Communicating with Dataloader workers


I am having some issues with how the dataloader works when multiple workers are used.

In my dataset, I resize the images to the input dimensions of the network.
I am training a fully convolutional network and I can thus change the input dimension of my network in order to make it more robust whilst training.
The way I have been doing this variable resizing is by passing a reference of my network variable to my resize transformer object. This way, the resize object can check network.input_dimension and resize the data accordingly!

Now, what I had failed to understand correctly when I coded it like this, is that when you are using multiple workers for your data loading, it spawns new processes. This means that your dataset, and thus also your transformer objects, get copied to these new processes. Because my resize transformer has a reference to my network object, this network object will also be copied to every worker-process. This eventually means that when I change the input dimension in my main process, nothing changes in the worker processes (their reference to network didn’t change input dimensions).

Now I want to only have a width and height variable in my resize object, because copying the entire network was stupid and useless. But I don’t know how I can communicate with my worker processes to tell them the input dimensions have changed!

Any help is appreciated!

This is the code for spawning the workers.

self.workers = [
                    args=(self.dataset, self.index_queue, self.data_queue, self.collate_fn))
                for _ in range(self.num_workers)]

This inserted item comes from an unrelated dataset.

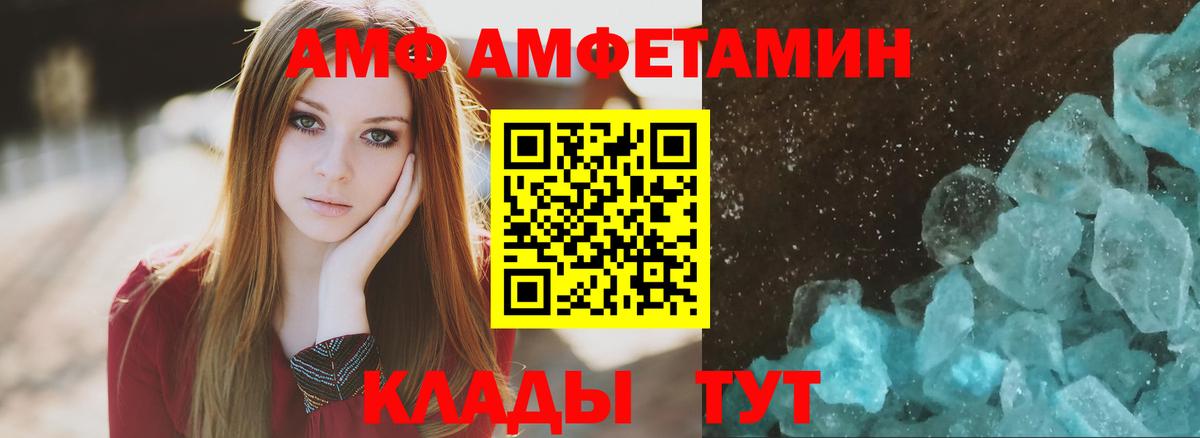 АМФ  Вход с VPN  АМФЕТАМИН  Новый Уренгой  Амфетамин Premium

So if I add self.input_dim = multiprocessing.Array('i', (width, height)) to my dataset, that variable will be shared?

Hmm, tried adding the multiprocessing.Array, with no luck so far… :sweat:

mp.Array should work in theory… What behavior are you seeing?

I just realized I might have made a silly mistake…
I created the mp.array but when changing the dimensions, I just assigned a new (width, height) tuple.
I think I have to assign it like var[0] = w; var[1] = h in stead!

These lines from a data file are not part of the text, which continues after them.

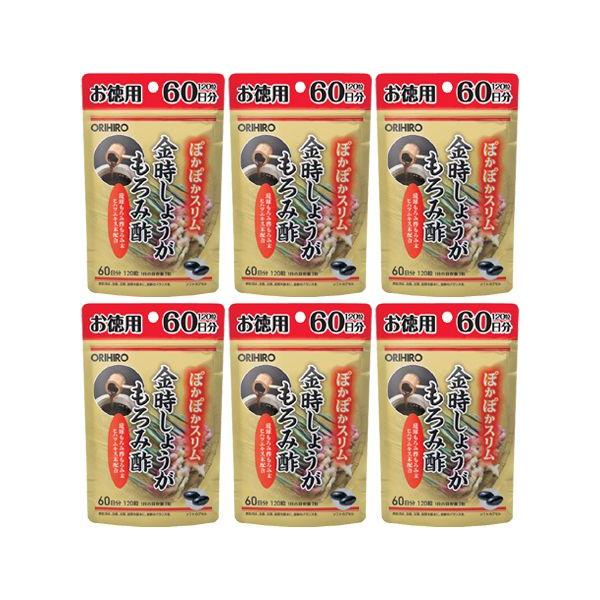 yz傤ݐ|JvZpb120i60j×6ZbgbIq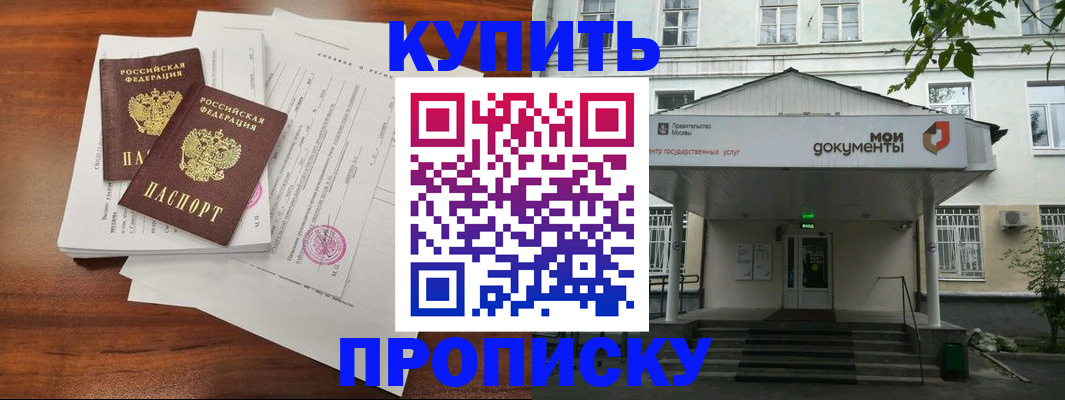 прописка для школы в Красноперекопске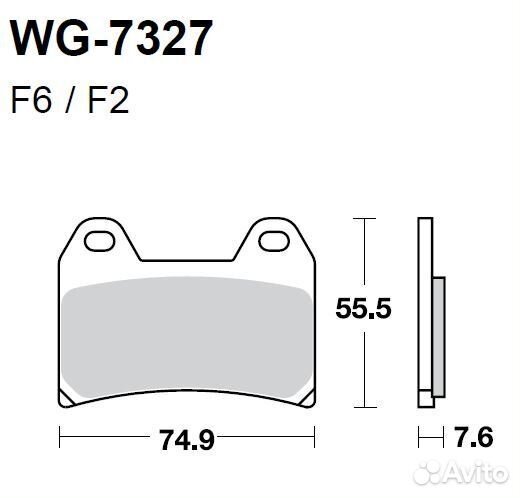 Колодки WRP WG-7327-F2 (FDB2042 / FDB2099 / FA244)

I will try this out on Monday! :slight_smile:

What I’m still wondering though, is whether mp.array works when it is a property of an object… We’ll see!

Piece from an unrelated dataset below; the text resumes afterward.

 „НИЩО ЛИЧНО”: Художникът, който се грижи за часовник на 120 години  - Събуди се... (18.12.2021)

Yeah, you definitely need to assign data as elements of the array. It should work as attribute of an object.

@SimonW, thank you for your help, it works as expected!! :smile:

1 Like

So, communicating with workers through mp.Array works fine, but now I am having synchronization issues.

Because the DataLoaderIter puts the next indices in the Queue when fetching the current batch, this means some of the images are already loaded when I change the input dimensions. This means I cannot collate the images in a batch, because some of them have a different size.

I also noticed PyTorch is changing the DataLoader in master to have a separate manager thread. Maybe there could be a way to reset the last batch? Or at least a synchronized way to communicate with the workers.
You could pass a function to the DataLoader and have the DataLoaderIter call it before sending the indices for the next batch.

I am not sure whether my problem is general enough to add this change to the PyTorch code or if I have to find another workaround for my problem? Any help would be really appreciated to fix this issue!!

Unfortunately, the new manager_thread doesn’t help in this use case (I wrote that). But the other way you can solve this is to write the resize logic in a custom collate function. Instead of having the dataset getitem method checking the mp.Array value, let your collate_fn do it and resize, then collate in a batch tensor :). Since it operates on a whole batch, it should work fine.

Writing this for future people stumbling upon this issue.

Whilst the solution proposed by @SimonW would certainly work, I decided to solve my problem by using a custom BatchSampler, as suggested by @apaszke on github.
The reason being that this solution allows me to use any collate function, sampler, etc. that I want at run-time.

My CustomBatchSampler inherits the default PyTorch BatchSampler and overwrites the __iter__ method.
In that method, I call:

for batch in super(CustomBatchampler, self).__iter__():
  yield [(self.input_dim, idx) for idx in batch]
  # compute new input dimension

This works, but is not super user-friendly as you would have to remember to create your own CustomBatchSampler object and use that in the DataLoader.
So I decided to copy the PyTorch DataLoader class, and modify it to use my CustomBatchSampler. This means that in my code, I just use this custom DataLoader and can use any sampler, or use the shuffle, batch_size, ... variables to automatically select a sampler.

Thank you all for helping me solve this issue!